→ **Task item**: A line belongs in the answer if it contains "azul"; copy every such line from the entries below.

Items from a data source:
*** Block opens ***
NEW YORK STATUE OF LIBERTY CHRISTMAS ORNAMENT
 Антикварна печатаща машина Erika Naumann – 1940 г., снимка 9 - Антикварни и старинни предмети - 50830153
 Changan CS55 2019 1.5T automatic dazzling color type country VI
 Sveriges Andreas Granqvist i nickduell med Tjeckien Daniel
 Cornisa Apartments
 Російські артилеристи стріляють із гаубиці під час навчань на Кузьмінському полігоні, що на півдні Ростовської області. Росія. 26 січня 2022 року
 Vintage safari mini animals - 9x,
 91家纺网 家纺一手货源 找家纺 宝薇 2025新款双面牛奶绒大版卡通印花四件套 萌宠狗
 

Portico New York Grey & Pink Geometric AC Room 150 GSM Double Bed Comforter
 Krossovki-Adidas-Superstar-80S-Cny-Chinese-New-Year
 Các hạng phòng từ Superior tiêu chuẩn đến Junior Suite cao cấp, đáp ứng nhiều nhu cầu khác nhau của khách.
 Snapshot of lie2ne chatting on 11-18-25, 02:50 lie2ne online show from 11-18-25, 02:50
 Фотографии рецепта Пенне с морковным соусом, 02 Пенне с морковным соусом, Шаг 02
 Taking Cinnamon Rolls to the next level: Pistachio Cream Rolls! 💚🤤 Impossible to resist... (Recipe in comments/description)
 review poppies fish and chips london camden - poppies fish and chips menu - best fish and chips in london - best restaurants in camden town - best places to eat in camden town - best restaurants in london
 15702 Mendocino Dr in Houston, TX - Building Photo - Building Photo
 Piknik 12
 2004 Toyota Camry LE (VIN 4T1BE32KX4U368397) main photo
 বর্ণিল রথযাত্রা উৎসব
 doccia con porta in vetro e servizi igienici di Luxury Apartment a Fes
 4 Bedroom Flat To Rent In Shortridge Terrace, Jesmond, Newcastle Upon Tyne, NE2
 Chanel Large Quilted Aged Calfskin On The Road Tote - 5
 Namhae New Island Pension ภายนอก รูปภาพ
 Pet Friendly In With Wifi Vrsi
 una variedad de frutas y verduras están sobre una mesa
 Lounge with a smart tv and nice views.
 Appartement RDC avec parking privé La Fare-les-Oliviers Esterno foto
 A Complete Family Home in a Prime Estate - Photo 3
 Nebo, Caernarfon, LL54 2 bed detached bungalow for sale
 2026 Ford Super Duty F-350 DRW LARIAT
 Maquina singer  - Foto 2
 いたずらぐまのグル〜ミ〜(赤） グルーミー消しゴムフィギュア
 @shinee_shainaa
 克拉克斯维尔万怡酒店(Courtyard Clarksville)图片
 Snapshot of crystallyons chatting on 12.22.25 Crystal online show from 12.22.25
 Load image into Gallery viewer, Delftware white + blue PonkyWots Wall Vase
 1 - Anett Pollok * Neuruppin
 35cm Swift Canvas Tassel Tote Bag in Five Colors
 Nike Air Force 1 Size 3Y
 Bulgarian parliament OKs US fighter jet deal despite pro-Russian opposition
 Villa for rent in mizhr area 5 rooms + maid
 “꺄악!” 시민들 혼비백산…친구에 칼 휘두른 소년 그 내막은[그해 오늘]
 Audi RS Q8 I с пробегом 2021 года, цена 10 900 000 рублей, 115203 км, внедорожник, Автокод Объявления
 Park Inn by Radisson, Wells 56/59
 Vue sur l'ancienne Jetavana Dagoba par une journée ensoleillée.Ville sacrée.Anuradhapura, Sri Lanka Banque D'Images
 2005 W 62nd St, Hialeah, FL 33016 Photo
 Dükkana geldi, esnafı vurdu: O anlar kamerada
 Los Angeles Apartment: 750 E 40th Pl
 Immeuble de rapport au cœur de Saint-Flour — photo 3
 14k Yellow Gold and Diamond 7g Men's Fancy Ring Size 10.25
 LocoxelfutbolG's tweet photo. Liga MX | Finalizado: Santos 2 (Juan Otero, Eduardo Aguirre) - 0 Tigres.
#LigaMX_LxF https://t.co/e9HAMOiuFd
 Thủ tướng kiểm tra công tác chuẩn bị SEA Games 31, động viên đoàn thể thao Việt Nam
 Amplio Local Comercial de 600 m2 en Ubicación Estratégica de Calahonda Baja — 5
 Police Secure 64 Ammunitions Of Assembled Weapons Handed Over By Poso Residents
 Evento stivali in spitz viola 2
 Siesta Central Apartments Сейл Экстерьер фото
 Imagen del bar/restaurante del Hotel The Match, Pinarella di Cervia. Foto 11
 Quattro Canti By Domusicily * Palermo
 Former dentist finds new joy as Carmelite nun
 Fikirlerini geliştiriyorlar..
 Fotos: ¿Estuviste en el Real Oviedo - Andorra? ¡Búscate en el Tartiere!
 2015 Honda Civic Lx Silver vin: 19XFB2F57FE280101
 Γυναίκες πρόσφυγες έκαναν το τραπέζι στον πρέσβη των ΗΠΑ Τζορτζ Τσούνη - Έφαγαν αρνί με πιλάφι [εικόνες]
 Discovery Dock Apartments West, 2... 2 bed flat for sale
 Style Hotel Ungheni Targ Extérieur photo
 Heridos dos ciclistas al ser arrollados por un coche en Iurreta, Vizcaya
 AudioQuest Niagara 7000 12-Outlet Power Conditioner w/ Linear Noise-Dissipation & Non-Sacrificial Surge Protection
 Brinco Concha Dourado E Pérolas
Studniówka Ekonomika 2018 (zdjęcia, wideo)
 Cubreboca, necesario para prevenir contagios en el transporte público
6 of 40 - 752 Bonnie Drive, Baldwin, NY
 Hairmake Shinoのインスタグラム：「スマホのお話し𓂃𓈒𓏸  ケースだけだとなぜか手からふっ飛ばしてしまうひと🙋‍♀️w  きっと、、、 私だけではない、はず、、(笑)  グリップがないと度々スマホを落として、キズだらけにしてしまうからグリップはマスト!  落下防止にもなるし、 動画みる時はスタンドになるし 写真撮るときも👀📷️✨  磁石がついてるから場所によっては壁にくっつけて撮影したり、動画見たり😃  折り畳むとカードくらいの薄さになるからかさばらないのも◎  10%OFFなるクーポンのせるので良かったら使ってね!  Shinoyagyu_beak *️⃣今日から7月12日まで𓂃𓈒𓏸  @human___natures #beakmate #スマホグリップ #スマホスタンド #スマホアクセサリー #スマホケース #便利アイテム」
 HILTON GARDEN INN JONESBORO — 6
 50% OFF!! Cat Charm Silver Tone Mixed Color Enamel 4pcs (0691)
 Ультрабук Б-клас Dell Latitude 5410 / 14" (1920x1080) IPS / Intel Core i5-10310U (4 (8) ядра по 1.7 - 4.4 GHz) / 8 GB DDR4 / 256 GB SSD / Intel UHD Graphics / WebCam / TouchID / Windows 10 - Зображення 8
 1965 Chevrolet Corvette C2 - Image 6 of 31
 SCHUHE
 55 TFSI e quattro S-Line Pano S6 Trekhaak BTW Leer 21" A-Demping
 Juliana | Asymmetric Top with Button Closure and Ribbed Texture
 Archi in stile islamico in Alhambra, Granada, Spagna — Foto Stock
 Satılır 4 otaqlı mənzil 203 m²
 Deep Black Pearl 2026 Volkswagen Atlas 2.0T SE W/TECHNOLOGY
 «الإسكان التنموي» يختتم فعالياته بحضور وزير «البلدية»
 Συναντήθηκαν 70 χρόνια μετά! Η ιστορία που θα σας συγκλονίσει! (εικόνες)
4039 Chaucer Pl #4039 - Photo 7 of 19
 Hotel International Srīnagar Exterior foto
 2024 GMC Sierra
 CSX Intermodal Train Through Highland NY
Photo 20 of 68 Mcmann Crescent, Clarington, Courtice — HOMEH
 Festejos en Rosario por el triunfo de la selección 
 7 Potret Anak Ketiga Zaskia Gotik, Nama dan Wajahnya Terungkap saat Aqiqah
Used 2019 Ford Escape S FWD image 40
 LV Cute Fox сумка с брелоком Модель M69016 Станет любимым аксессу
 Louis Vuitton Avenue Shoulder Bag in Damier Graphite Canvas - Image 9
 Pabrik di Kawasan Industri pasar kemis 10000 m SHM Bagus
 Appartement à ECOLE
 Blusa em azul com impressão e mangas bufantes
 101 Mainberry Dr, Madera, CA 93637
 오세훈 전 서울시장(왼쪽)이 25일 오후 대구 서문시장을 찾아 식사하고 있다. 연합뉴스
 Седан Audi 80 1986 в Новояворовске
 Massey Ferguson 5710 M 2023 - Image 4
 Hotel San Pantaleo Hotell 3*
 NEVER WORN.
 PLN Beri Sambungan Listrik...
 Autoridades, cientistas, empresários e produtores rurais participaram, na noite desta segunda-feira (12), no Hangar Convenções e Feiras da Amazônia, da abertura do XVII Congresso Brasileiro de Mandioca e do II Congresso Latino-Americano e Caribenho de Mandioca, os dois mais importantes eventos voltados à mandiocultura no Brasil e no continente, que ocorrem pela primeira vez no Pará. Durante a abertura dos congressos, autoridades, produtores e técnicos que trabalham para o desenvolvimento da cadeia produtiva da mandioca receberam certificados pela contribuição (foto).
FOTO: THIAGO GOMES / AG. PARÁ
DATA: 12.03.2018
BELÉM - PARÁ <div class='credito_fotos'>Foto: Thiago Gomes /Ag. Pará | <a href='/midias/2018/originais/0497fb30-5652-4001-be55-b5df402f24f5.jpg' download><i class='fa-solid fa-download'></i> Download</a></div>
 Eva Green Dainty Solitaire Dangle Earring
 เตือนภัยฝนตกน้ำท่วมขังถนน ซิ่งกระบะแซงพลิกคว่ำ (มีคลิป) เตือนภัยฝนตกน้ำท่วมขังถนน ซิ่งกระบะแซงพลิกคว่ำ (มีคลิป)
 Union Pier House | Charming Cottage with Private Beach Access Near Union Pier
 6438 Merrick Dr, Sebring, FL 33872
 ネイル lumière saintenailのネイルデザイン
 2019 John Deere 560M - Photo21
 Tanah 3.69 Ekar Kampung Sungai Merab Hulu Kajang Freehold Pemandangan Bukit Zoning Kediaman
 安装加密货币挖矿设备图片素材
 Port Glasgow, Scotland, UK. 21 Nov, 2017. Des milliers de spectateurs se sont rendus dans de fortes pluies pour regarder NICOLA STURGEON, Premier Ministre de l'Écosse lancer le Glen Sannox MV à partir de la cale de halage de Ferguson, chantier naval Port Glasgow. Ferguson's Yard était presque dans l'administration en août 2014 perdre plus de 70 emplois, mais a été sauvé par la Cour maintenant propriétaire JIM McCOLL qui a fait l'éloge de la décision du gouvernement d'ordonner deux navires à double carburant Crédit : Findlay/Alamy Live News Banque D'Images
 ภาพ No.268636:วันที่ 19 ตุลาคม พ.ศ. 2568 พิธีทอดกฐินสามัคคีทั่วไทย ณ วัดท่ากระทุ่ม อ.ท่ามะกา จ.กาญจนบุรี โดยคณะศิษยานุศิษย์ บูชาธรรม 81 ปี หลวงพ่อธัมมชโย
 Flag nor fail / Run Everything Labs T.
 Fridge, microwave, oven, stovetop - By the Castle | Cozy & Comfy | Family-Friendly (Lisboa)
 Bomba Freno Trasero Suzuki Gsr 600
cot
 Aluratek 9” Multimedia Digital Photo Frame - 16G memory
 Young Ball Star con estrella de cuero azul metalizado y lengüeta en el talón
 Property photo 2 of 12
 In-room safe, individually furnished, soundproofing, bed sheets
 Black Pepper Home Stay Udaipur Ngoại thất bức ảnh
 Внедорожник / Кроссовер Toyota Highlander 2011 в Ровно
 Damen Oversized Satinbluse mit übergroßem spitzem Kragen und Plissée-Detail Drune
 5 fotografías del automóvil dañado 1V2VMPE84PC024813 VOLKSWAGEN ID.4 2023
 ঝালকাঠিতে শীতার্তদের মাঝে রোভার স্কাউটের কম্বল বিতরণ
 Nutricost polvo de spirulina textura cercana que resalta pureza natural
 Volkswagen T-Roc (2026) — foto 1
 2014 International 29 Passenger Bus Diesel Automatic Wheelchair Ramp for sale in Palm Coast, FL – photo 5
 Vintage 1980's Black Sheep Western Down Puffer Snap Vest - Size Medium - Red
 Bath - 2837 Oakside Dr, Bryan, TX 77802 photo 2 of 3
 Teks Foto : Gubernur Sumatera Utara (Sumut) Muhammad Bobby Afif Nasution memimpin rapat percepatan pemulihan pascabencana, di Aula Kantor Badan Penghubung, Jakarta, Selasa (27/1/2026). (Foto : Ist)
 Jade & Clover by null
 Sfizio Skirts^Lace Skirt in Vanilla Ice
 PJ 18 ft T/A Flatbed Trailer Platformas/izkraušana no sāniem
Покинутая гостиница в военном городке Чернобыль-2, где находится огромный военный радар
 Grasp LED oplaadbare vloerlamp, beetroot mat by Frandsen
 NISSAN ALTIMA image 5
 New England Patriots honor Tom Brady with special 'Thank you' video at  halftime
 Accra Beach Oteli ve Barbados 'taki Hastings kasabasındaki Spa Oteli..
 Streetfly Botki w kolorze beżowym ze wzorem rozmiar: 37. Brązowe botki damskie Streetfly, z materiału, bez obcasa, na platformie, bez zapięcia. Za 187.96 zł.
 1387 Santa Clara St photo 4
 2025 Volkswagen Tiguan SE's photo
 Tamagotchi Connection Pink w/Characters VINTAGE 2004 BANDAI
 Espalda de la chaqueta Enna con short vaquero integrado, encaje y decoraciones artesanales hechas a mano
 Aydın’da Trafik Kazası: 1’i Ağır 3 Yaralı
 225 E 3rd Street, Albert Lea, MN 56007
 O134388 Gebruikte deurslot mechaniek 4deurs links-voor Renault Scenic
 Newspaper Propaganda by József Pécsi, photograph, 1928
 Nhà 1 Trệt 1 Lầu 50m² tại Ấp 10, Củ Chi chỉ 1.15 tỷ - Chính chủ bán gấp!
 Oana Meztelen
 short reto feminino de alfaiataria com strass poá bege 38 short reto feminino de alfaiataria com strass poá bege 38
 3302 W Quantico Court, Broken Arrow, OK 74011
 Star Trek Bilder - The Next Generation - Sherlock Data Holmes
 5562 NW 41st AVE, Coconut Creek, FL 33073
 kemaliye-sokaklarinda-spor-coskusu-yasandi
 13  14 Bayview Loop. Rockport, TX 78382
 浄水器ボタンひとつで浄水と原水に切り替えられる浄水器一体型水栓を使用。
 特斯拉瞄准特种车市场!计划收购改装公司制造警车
*** Block closes ***
→ **Result for this exercise**:
 Blusa em azul com impressão e mangas bufantes
 Young Ball Star con estrella de cuero azul metalizado y lengüeta en el talón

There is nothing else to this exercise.